Logozoa (textual organisms, or word animals) take the form of aphorisms, anti-aphorisms, maxims, minims, neokoans, sayings, left-unsaids, proverbialisms, poemlets, microtales, instant fables, and other varieties of conceptual riffs. More than 375 of these creatures reside at Logozoa.com where visitors can download them in PDF format for printing onto standard label sheets.

The Logozoo at Logozoa.com provides a natural-habitat preserve and showcase for photographs of Logozoa stickers. Currently the Zoo holds over 475 photos contributed by numerous photographers from around the world.

And there’s more. An E-Dopt-a-Zoa feature allows you to paste an ever-changing virtual sticker onto your own Web site, and a pair of oracles provide Logozoa in response to your questions.

http://logozoa.com

1001 Nights Cast: A Durational Performance

ELO member Barbara Campbell recently passed the one year benchmark in her performance/writing project 1001 nights cast. Campbell’s first webcast was performed from Paris on June 21st, 2005 and continues for 1001 nights.

“In 1001 nights cast, Barbara Campbell performs a short text-based work for 1001 consecutive nights. The performance is relayed as a live webcast to anyone, anywhere, who is logged onto to http://1001.net.au at the appointed time, that is, sunset at the artist’s location.”

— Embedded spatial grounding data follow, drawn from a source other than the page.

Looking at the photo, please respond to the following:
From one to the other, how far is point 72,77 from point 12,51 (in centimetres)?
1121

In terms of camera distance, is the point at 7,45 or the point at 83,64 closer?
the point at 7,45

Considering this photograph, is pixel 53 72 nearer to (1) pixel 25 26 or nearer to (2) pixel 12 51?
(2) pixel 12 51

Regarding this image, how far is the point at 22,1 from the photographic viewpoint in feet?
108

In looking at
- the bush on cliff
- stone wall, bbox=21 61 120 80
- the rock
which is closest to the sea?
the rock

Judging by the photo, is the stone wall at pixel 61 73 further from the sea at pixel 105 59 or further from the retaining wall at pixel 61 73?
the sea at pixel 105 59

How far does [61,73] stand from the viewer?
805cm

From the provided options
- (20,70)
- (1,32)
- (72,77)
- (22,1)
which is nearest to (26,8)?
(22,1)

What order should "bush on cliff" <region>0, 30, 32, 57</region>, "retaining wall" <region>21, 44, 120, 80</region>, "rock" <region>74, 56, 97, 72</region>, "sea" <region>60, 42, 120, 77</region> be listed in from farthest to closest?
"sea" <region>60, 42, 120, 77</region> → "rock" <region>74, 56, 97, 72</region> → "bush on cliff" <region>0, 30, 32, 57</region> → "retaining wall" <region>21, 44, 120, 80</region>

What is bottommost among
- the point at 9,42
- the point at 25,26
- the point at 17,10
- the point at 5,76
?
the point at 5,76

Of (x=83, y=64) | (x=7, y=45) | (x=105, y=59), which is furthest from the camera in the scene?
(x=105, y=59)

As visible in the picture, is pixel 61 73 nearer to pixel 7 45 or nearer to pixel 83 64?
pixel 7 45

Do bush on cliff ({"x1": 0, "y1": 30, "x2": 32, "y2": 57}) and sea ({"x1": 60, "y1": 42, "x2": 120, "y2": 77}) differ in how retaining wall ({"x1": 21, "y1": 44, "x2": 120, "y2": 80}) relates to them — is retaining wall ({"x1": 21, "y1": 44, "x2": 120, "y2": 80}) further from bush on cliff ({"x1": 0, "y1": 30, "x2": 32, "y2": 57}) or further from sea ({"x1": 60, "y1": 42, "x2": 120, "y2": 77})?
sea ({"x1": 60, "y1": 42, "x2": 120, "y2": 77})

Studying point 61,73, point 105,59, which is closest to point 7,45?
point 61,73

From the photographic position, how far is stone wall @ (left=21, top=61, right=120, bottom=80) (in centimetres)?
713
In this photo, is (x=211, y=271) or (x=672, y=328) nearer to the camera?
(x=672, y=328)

Reinterpreting and expanding the story of Scheherazade, the daily process of 1001 nights cast begins each morning when Campbell reads news coming out of the Middle East; she selects a phrase from her reading that “generates potential.” Campbell then renders the selected phrase in watercolor and posts the painted image of the phrase on the website. Visitors who choose to participate in the project are “invited to write a story using that day’s prompt in a submission of up to 1001 words. The writing deadline expires three hours before that night’s performance.”

To explore and/or participate in the project, visit http://1001.net.au

A New Interactive Fiction Trio, in Inform 7

As announced on Usenet, three pieces of interactive fiction have just been released. All are written in Inform 7, the soon-to-be-released IF development system from the creator of the original, widely-used Inform.

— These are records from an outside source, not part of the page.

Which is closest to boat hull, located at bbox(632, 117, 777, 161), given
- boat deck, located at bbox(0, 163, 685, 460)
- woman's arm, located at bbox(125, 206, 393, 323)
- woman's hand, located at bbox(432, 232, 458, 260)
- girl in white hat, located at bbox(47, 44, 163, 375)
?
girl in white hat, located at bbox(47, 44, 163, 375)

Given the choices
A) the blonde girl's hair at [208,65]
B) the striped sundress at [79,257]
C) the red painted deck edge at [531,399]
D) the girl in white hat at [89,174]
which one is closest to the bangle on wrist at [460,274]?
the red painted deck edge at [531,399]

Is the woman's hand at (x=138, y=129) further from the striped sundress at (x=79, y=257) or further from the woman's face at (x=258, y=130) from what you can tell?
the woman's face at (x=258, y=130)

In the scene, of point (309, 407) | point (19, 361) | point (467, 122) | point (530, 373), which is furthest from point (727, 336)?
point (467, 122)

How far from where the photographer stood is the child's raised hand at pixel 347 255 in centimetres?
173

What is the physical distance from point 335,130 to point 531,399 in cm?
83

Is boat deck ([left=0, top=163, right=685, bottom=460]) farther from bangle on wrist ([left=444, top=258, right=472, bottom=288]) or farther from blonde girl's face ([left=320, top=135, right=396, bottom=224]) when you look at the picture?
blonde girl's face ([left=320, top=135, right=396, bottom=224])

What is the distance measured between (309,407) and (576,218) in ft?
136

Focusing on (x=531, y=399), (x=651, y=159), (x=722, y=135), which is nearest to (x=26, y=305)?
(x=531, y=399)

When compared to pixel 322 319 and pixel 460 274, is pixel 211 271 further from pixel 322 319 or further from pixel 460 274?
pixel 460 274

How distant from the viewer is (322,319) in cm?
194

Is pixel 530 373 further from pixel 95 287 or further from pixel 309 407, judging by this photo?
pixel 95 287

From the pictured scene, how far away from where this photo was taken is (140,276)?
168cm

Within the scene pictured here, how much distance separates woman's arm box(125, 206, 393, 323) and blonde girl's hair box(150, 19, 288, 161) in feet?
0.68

Leading IF author Emily Short has released two new Inform 7 games, and Graham Nelson, the author who is behind Inform and Inform 7, has provided a new work of interactive fiction, too. Graham Nelson’s piece is entitled The Reliques of Tolti-Aph. Emily Short’s are Damnatio Memoriae (set in the Savoir-Faire universe) and Bronze (a “fractured fairy tale” based on the legend of beauty and the beast). They come with lavish virtual “feelies” – supplementary items – such as illustrated PDF manuals, a map, and a even a walkthrough in one case. Among these materials can be found Emily Short’s very useful introductory text IF Instruction Manual; there are similar instructions in the Bronze manual, too.

A new container format, zblorb, encapsulates the zcode file along with cover art and metadata. Because of this, Mac users who use Zoom as their interpreter will need the very latest version, Zoom 1.0.5 alpha 1.

Shifting Stories in “23,040 Bridges”

Adam Cadre’s “23,040 Bridges” provides a combinatoric explosion of different stories, asking the reader to rank how culpable each of five characters is in the death of the main character. Read and rank the characters; Cadre is collecting statistics now on how people assign guilt in the many different versions of the story. The statistics from readers’ judgments will be made available soon.

Interactive Fiction Competition Wraps Up, Covered in The Wall Street Journal

This year’s Interactive Fiction Competition, the 11th annual “comp,” was won by Jason Devlin’s Vespers. There was a tie for second place between Beyond, a game by Italian authors Roberto Grassi, Paolo Lucchesi and Alessandro Peretti, and A New Life by Alexandre Owen Muñiz. Voting in the competition was open to the public; more than 100 people downloaded the competition entries, interacted with at least five, and voted. The full results have been posted; all the pieces entered remain available for free download.

The IF Comp was covered in The Wall Street Journal this year in an article by Vauhini Vara.